The question for Bayer is, what can it do differently this time?
The German drug and chemical giant, which acquired Roundup maker Monsanto Co. in 2018, is trying to reverse the momentum of a litigation storm that has generated tens of thousands of cases alleging exposure to the herbicide causes cancer.
While a court-appointed mediator handling negotiations over a multibillion-dollar settlement has said he expects a deal soon, jury selection is under way in state court in Martinez, California, within 25 miles of the previous trials in San Francisco and Oakland. A judge on Friday postponed opening arguments in another trial in St. Louis, Monsanto’s former headquarters and the location of many of the suits.
“If all things are the same or similar to the last three trials, I would expect another nuclear verdict,” said Rachel York Colangelo, a jury consultant at Magna Legal Services who isn’t involved in the Roundup litigation.
“That being said, I would expect that, after the last verdict, Bayer and its legal team have re-strategized and retooled their story lines,” York Colangelo said. Bayer has likely spent many hours with focus groups and in mock trials developing a strategy it hopes will be “more palatable” to jurors, she said.
Bayer said in a statement that it remains “confident in the extensive scientific record and regulatory assessments that support the safety of our glyphosate-based herbicides and that they do not cause cancer.”
Bayer shares tumbled following the first three trials, erasing billions in market value and sparking protests by investors about the growing liability risk. The share price has drifted steadily higher as blockbuster verdicts have given way to the quiet of settlement talks. The stock has climbed 40% since late May, when renowned mediator Ken Feinberg agreed to lead the negotiations.
Until it secures a settlement, Bayer has to win some trials or, even better, get some of the first three verdicts reduced or thrown out on appeal, to bring per-plaintiff payouts in any deal down to a reasonable level, said Anna Pavlik, senior counsel for special situations at United First Partners LLC in New York.
While it’s rare for jury verdicts to be overturned completely, the key for Bayer it to persuade appeals courts to disallow some of the most damning evidence that trial judges permitted, she said.
“These trials matter more to Bayer than to the plaintiffs in the sense that it needs any sort of victory under its belt as leverage in settlement negotiations,” Pavlik said.

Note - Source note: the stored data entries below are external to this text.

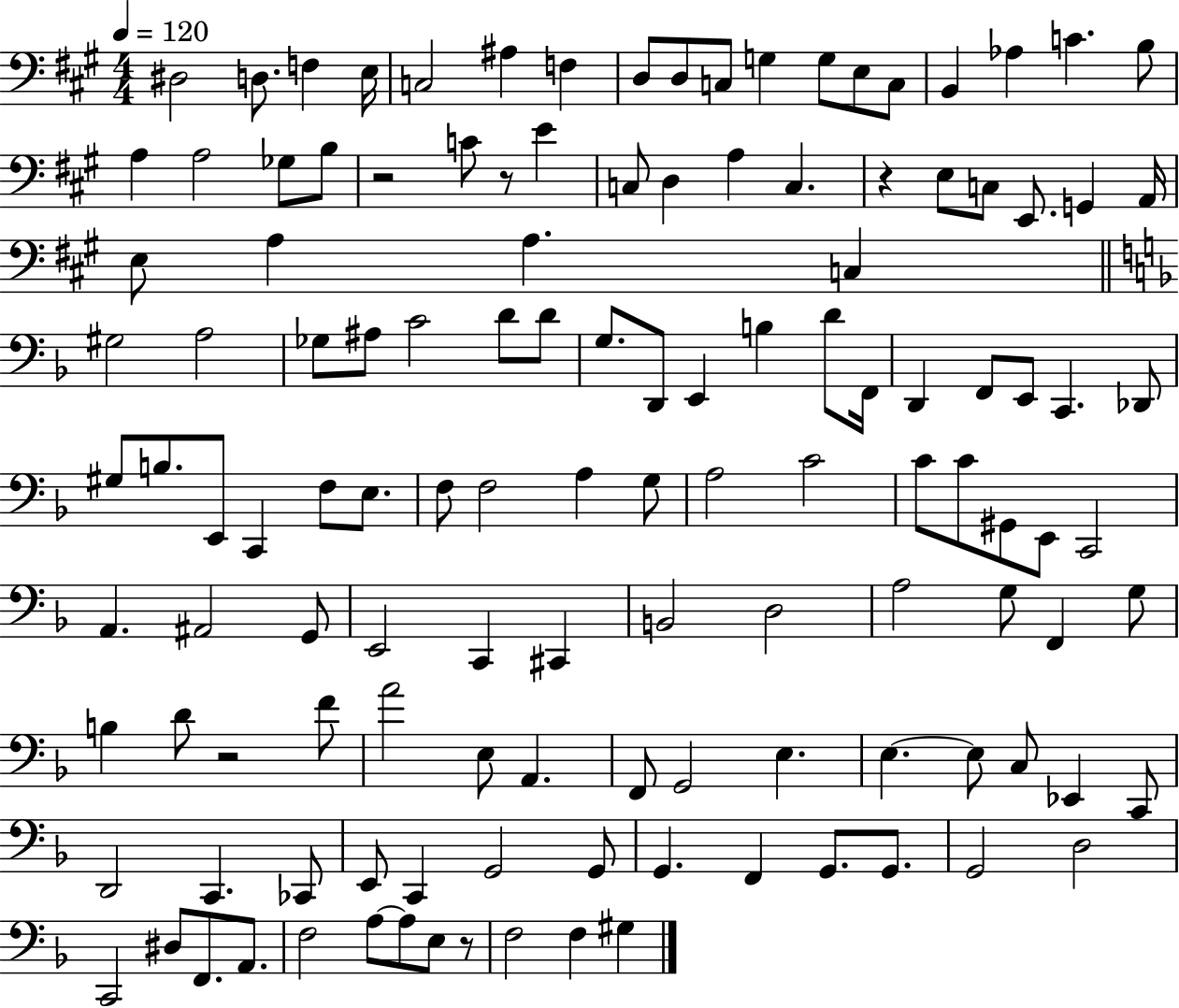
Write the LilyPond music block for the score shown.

{
  \clef bass
  \numericTimeSignature
  \time 4/4
  \key a \major
  \tempo 4 = 120
  dis2 d8. f4 e16 | c2 ais4 f4 | d8 d8 c8 g4 g8 e8 c8 | b,4 aes4 c'4. b8 | \break a4 a2 ges8 b8 | r2 c'8 r8 e'4 | c8 d4 a4 c4. | r4 e8 c8 e,8. g,4 a,16 | \break e8 a4 a4. c4 | \bar "||" \break \key d \minor gis2 a2 | ges8 ais8 c'2 d'8 d'8 | g8. d,8 e,4 b4 d'8 f,16 | d,4 f,8 e,8 c,4. des,8 | \break gis8 b8. e,8 c,4 f8 e8. | f8 f2 a4 g8 | a2 c'2 | c'8 c'8 gis,8 e,8 c,2 | \break a,4. ais,2 g,8 | e,2 c,4 cis,4 | b,2 d2 | a2 g8 f,4 g8 | \break b4 d'8 r2 f'8 | a'2 e8 a,4. | f,8 g,2 e4. | e4.~~ e8 c8 ees,4 c,8 | \break d,2 c,4. ces,8 | e,8 c,4 g,2 g,8 | g,4. f,4 g,8. g,8. | g,2 d2 | \break c,2 dis8 f,8. a,8. | f2 a8~~ a8 e8 r8 | f2 f4 gis4 | \bar "|."
}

If Bayer loses the trials in St. Louis and California and fails on appeal to get some of the plaintiffs’ evidence thrown out, “the ultimate fall-out is likely to be significant given the current multimillion dollar jury awards and the growing number of cases,” Pavlik added.

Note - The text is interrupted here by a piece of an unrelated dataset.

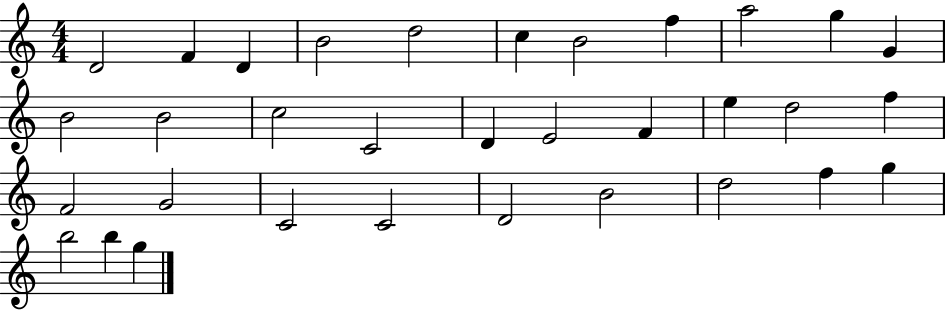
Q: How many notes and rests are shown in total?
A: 33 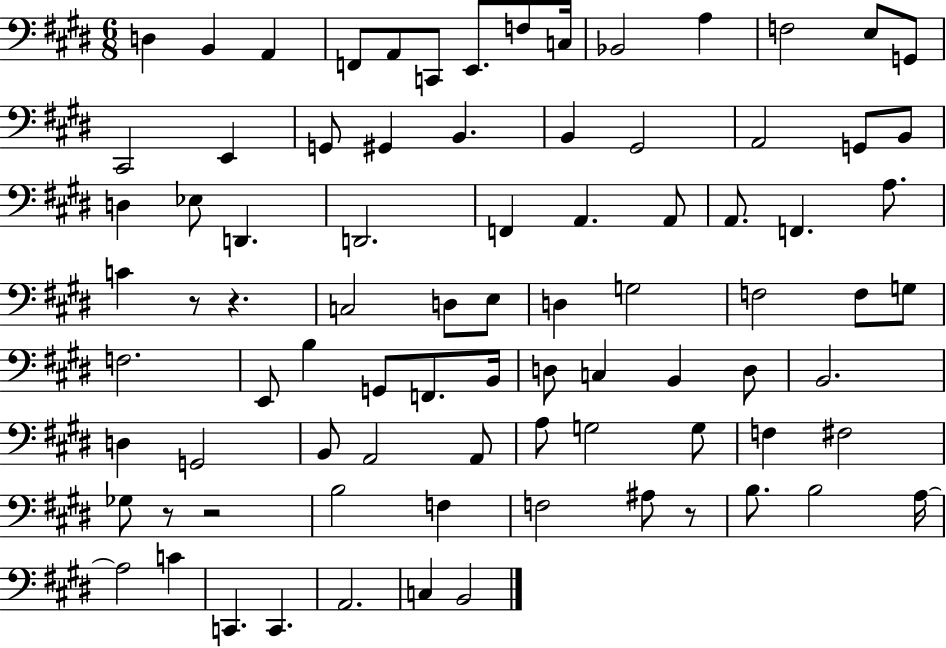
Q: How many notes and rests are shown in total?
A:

Feinberg said last week that the upcoming trials wouldn’t interfere with any potential settlement. Still, it’s unusual that they’re moving ahead. Bayer said in December that it agreed to postpone some Roundup trials to give mediation a chance, and at least a half-dozen trials scheduled to start this month and next have been put on hold.
In the St. Louis case, lawyers for both sides met Thursday with retired Judge Glenn Norton, who is serving as settlement master for the Roundup cases filed in that court, according to two people familiar with the matter.

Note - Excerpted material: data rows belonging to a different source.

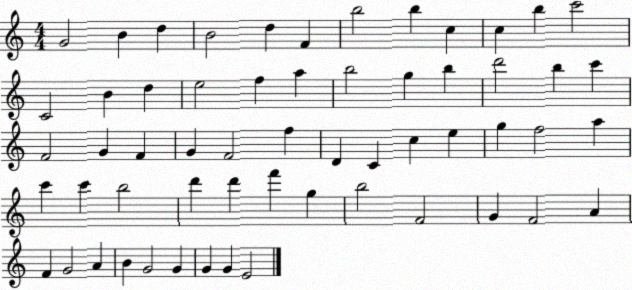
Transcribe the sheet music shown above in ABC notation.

X:1
T:Untitled
M:4/4
L:1/4
K:C
G2 B d B2 d F b2 b c c b c'2 C2 B d e2 f a b2 g b d'2 b c' F2 G F G F2 f D C c e g f2 a c' c' b2 d' d' f' g b2 F2 G F2 A F G2 A B G2 G G G E2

The talks didn’t yield a settlement, however, said the people, who asked not to be identified because they weren’t authorized to speak publicly about the negotiations. On Friday, the trial judge put the case on hold without setting a date to resume.
Michael Miller, the lawyer handling the two upcoming trials, said his Orange, Virgina-based Miller Firm represents 5,600 plaintiffs suing over Roundup. Miller’s firm represented plaintiffs in two of the three trials Bayer lost. One of those generated a $2 billion award for a husband and wife that was later reduced by a judge to $86.7 million.
Attorney Steven Brady, who’s leading the Martinez trial for Miller, said in a court filing that the evidence he plans to present in support of punitive damages against Bayer will be “substantially similar” to what juries heard in the previous cases.
That leaves Bayer to try a different approach. York Colangelo said the massive damages in the previous trials reflect emotional, angry juries, which probably understand that billion-dollar verdicts will be reduced but are trying to send a message to the company.
York Colangelo said she expects Bayer to move away from basing its defense on mostly scientific arguments that there’s no proven connection between exposure to Roundup and non-Hodgkin’s lymphoma, the cancer afflicting plaintiffs.
Instead, Bayer is likely to more squarely address the conduct of Monsanto executives that consumers’ lawyers have previously dwelled on, she said. The plaintiffs have alleged that Monsanto tried to hide the health risks of Roundup and ghostwrote influential studies, treating them as scientific propaganda to ensure that glyphosate, the main ingredient in the herbicide, wasn’t classified as carcinogenic.
“I think that has to be a focus for them this time around, instead of ignoring internal memos and emails,” York Colangelo said. Even if Bayer loses again, the company will give a revised strategy one last shot because, she added, “it’s a huge decision to fold your cards and settle.”